27 hours of critique group.

Of course I also spent significant time rewriting and editing and re-everything-ing Beat, probably in the range of 10 hours for each meeting we had.

Making another 180 hours.

The math so far: 335 + 27 + 180 = 542 hours spent on making Beat awesome. Yes, all of this time was necessary, because first drafts are not for public consumption. There’s all kinds of great stuff in a first draft, but it’s not a finished book yet.

Then I sent Beat around to agents and publishers. I spent 50+ hours on this over three months.

Bringing us to 600 hours.

I’m not done.

I set Beat aside, having gotten no traction due to the industry agreement two years ago that the market had enough dystopian YA. I call shenanigans on that- dystopian has been huge for years. 1984 and Brave New World anyone?

But then I went back early this year and spent about 20 hours fixing a few issues I still wanted to repair in Beat. 

620 hours.

I sent it to Future House Publishing, thinking that a scrappy, innovative publishing house like them were probably the best place for this book. They accepted it.

I spent 30-40 hours rewriting, reviewing, editing, and polishing Beat for publication. Let’s say thirty for fun’s sake.

So I put around 650 hours into creating and getting Beat into your hands.

There are 2080 work hours in a normal 52-week work year. I put a third of a year’s worth of work hours into Beat. 

Where’s my third of a year salary for that work? I mean, I sacrificed play time, time with family, sleep, hobby time, exercise, and more. Sounds like a job, doesn’t it?

Do you know how much I’ve made off of Beat so far?

Nothing. I’ll get royalties in about another 5.5 months. And so far, with maybe 50 copies of Beat sold at the high price of 99 cents, and I’m making at best 8 cents per copy at this price, I’ve reached the extraordinary earnings of $4.

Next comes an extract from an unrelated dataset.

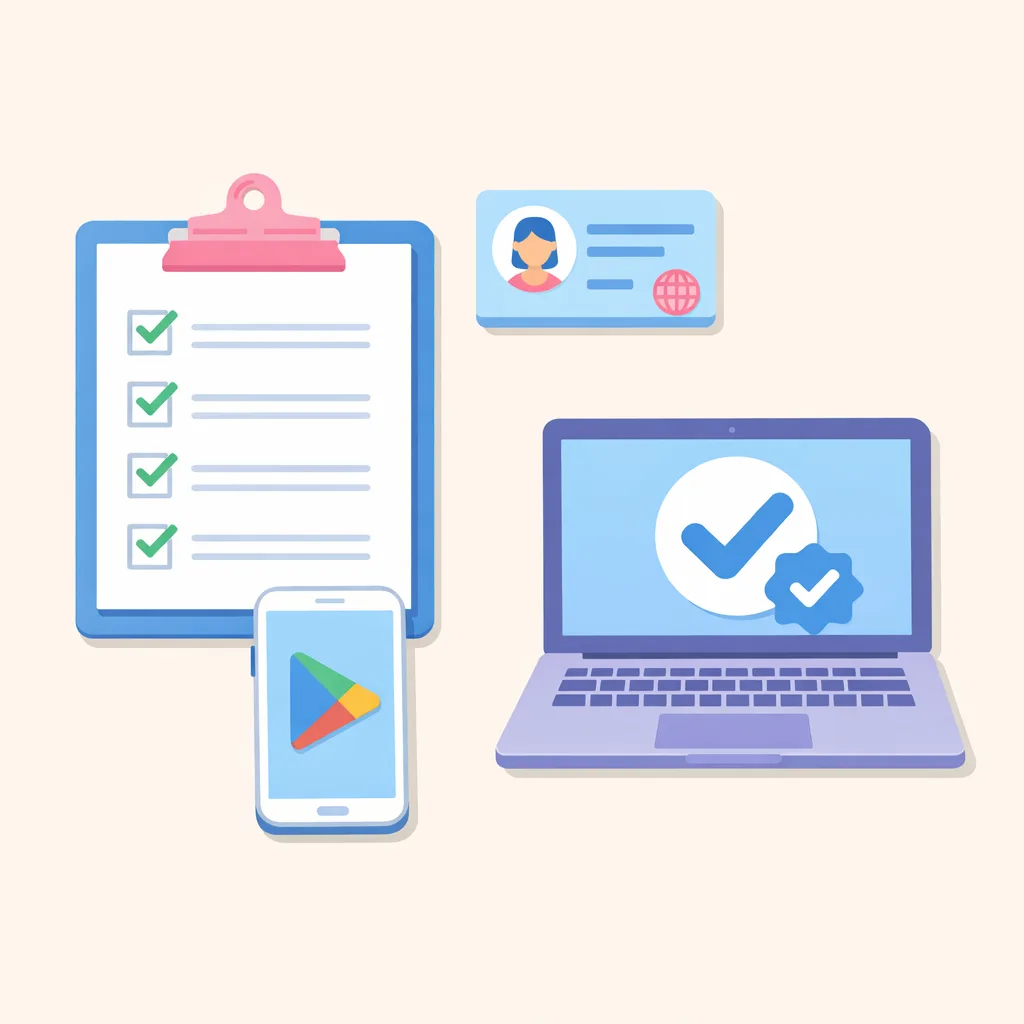 Illustrated verification checklist with ID and app icons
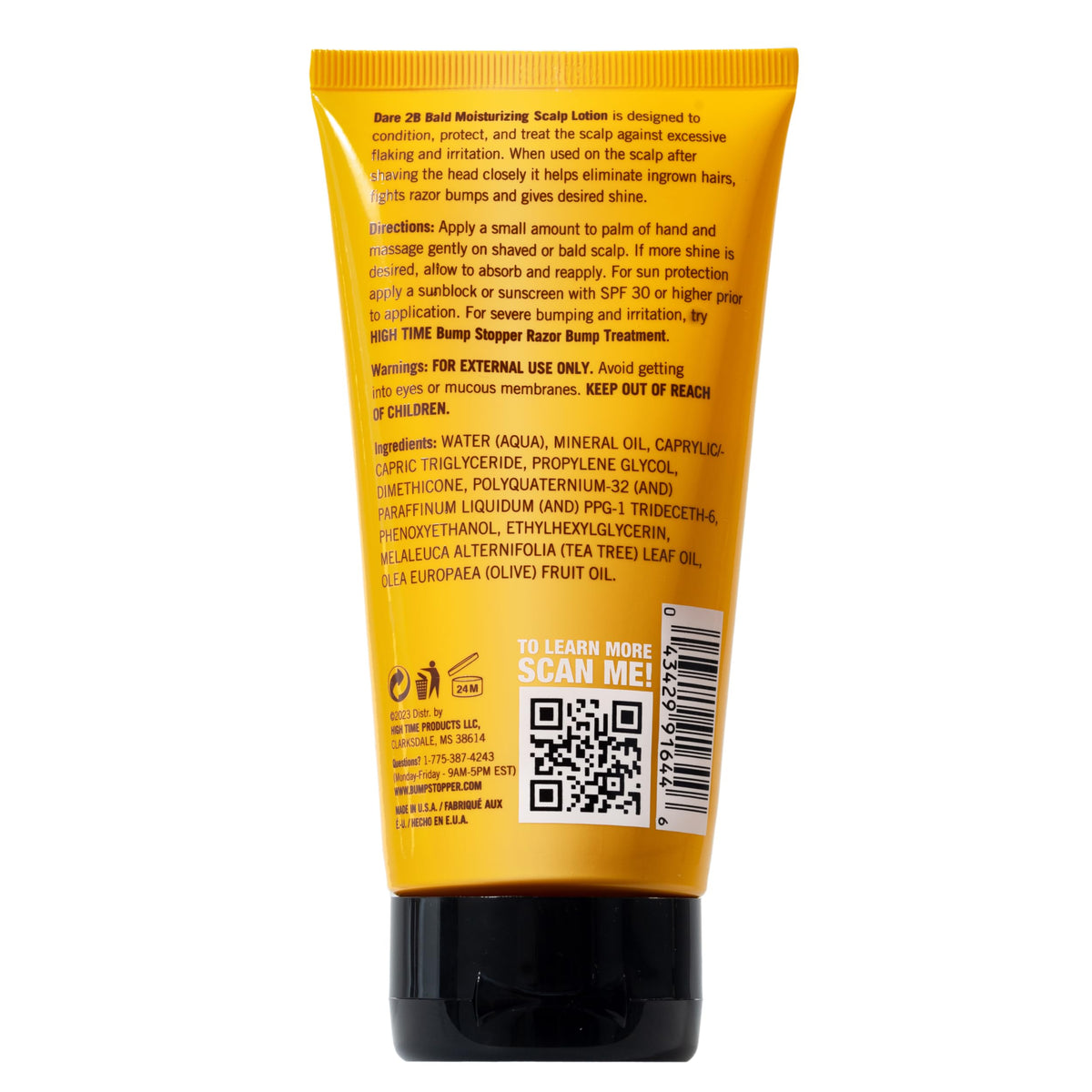 high time back label close-up with ingredient panel and usage benefit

650 hours of work. Hard, challenging work. The kind of work I love, to be sure, but work that takes effort and sacrifice. Work where I look around while doing it and know that getting paid for it is unlikely, but is the absolute goal.

So no, I’m not rich from my books. Not yet. I am looking to get paid, but if that was all I wanted, I’d go flip burgers. It pays better. For now. The point being of course that I love writing and writing is my career of choice. Burger flipping is not my career of choice.

But I will keep writing good stuff and you’ll keep reading and talking about my good stuff and this thing will happen. Within five years, I’ll be writing full time, making enough to support my family.

What can you do to help? Remember that writing is a job. It’s my first job, and my day job is where I’m moonlighting. And keep reading my books. Buy them, borrow them, share them– I don’t care. Just read them and tell people you love them. I love writing books and I think you love reading books- I think this is the beginning of something beautiful.